Yakalanan Zaman-Kayıp Zamanın İzinde(içinden)

Gerçeklik, simgelerle anlatılan küçük şeylerin içinde bulunduğuna göre (bir uçağın uzaktan gelen sesindeki, Saint-Hilaireare kulesinin çizgillerindeki görkem, bir madlen çikolatasının tadındaki geçmiş, vb.) ve bunlar, anlamları çözülüp açığa çıkarılmadıkça kendiliklerinden bir anlam ifade etmediklerine göre, simge edebiyatının herhangi bir değeri nasıl olabilir?

Belleğimizin koruyup sakladığı şey, giderek, doğru olmayan, içinde vaktiyle gerçekten duyumsadıklarımızdan hiçbir şey kalmamış olan, bizim gözümüzde kendi düşüncemizi, yaşamımızı, gerçekliği oluşturan ve ancak, yaşam gibi basit, güzellikten yoksun, gözlerimizin gördüğünden çok daha sıkıcı ve daha boş ve zekâmızın, insanın, kendini ona veren kişinin neşelendirici ve canlandırıcı, onu harekete geçiren ve uğraşında ileri götüren kıvılcımı neresinde bulduğunu kendi kendine sorduğu, sözümona “yaşanmış” bir sanatı canlandıran tüm bu ifadelerin oluşturduğu zincirden ibaret kalır.
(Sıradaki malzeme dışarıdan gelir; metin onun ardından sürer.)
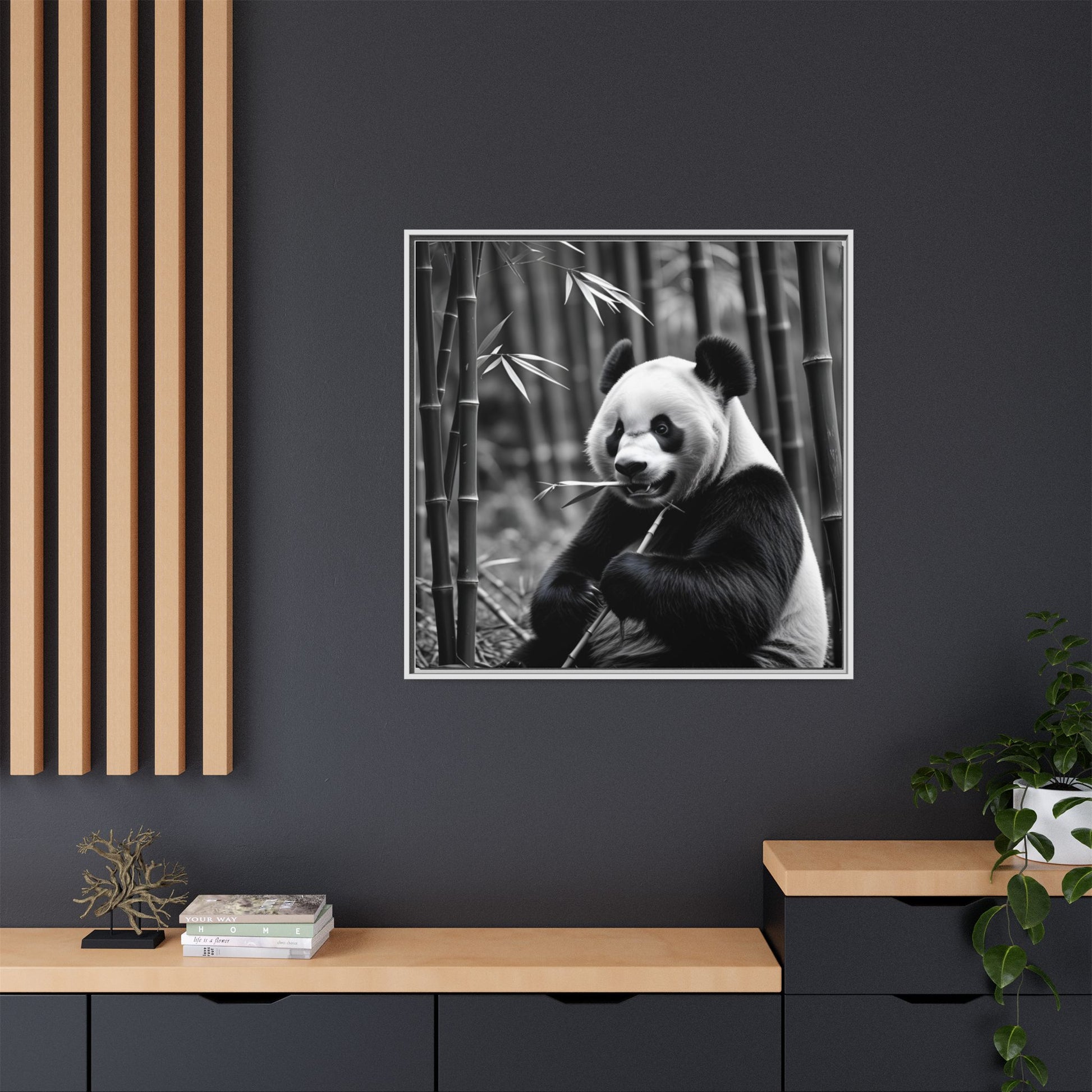 Framed black and white photo of a panda eating bamboo on a dark wall.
Gerçek sanatın büyüklüğü, M. de Norpois’nın bir özengen oyunu adını verdiği sanatın büyüklüğü, tersine, kendisinden uzak yaşadığımız, yerine koyduğumuz bilgi kalınlık ve geçirimsizlik kazandığı ölçüde giderek kendisinden daha da uzaklaştığımız o gerçekliğin yeniden bulunması, yeniden yakalanmasıydı, bilmeksizin ölebileceğimiz, kendi yaşamımızdan başka bir şey olmayan o gerçekliğin.
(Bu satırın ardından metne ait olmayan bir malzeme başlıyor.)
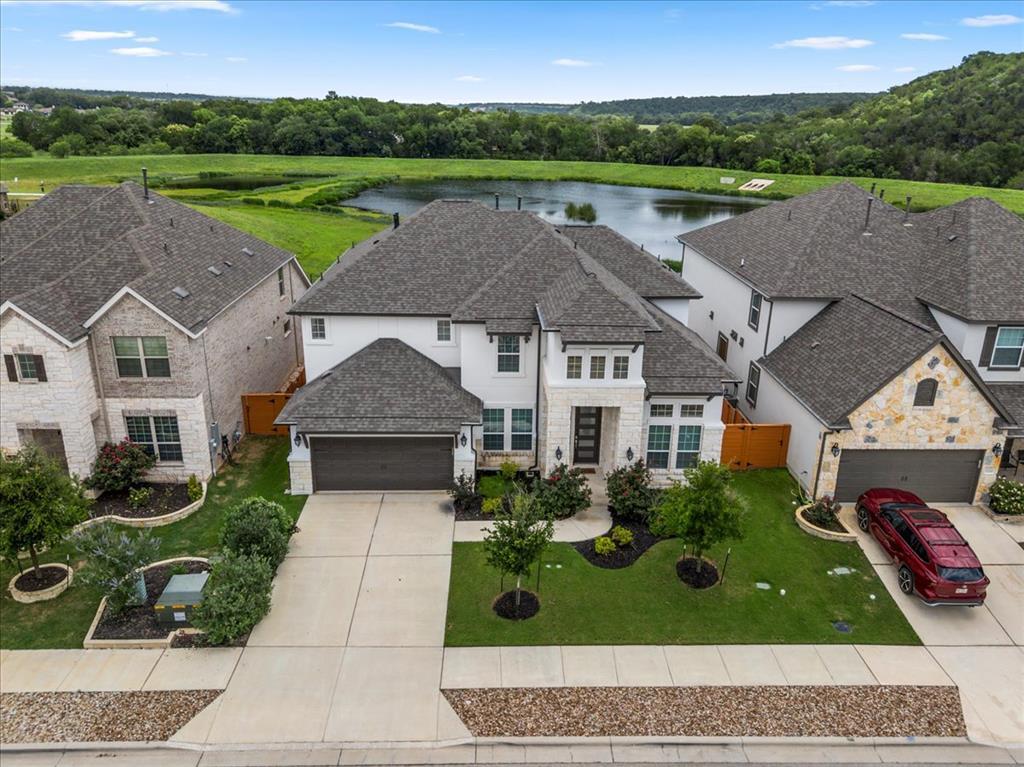 Perched on a serene lot with a backyard lake view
Gerçek yaşam, sonunda keşfedilmiş ve aydınlanmış, dolayısıyla da gerçekten yaşanmış yaşam, edebiyattır. Bir anlamda, tüm insanlar gibi, sanatçıyı da her an sarmalayan o yaşam. Ama insanlar onu görmüyor, çünkü onu aydınlatmaya çalışmıyor. Ve böylece, geçmişleri yararı olmayan sayısız klişeyle doluyor, çünkü zekâları bunları “geliştirmiyor”. Yaşamımız; dolayısıyla başkalarının da yaşamı, çünkü yazar için üslup, ressam için de renk teknik bir sorun değil, görüş sorunudur. Bu, dünyanın bize görünüş biçimindeki nitelik farkının, dolaysız ve bilinçli yöntemlerle asla ortaya çıkmayacak o farkın, sanat olmasa, hepimizin içinde sonsuzluğa kadar bir giz olarak kalacak olan farkın açığa vurulmasıdır.
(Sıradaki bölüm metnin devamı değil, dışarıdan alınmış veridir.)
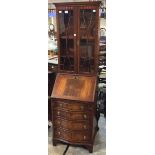 A George III style mahogany bureau bookcase, fitted with two glazed doors enclosing shelves,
Yalnızca sanat sayesinde kendi dışımıza çıkabilir, bir başkasının bu evreni hangi gözle gördüğünü öğrenebiliriz; bizimkiyle aynı olmayan ve bu görüşü öğrenmediğimiz sürece, bize sunduğu manzaralar bizim için, Ay’daki manzaralar kadar bilinmez kalacak olan bu evreni. Sanat sayesinde tek bir dünyayı, kendi dünyamızı görecek yerde, bu dünyanın çoğaldığmı görürüz ve sahip olduğumuz, birbirinden farklı olduğu kadar, sonsuzluğa akıp giden dünyalardan da farklı dünyaların sayısı özgün sanatçıların sayısı arttığı ölçüde artar ve adı Rembrandt ya da Ver Meer olsun, çıktıkları ışık kaynağı çoktan sönmüş olduğu halde, bize hâlâ özgün ışıklarını gönderirler.

Sanatçının bu uğraşı, yani maddenin ardında, deneyimin ardında, sözcüklerin ardında farklı şeyler algılamaya çalışma uğraşı, kendimize sırtımız dönük yaşadığımızda bizim yaptığımız şeyin tam tersidir; özsaygı, tutku, akıl ve alışkanlık da gerçek izlenimlerimizin üzerine -bunları bizden bütünüyle gizlemek için- sözcükleri, pratik amaçları yığdığında, yanlış olarak yaşam adını verdiğimiz şey ortaya çıkmış olur.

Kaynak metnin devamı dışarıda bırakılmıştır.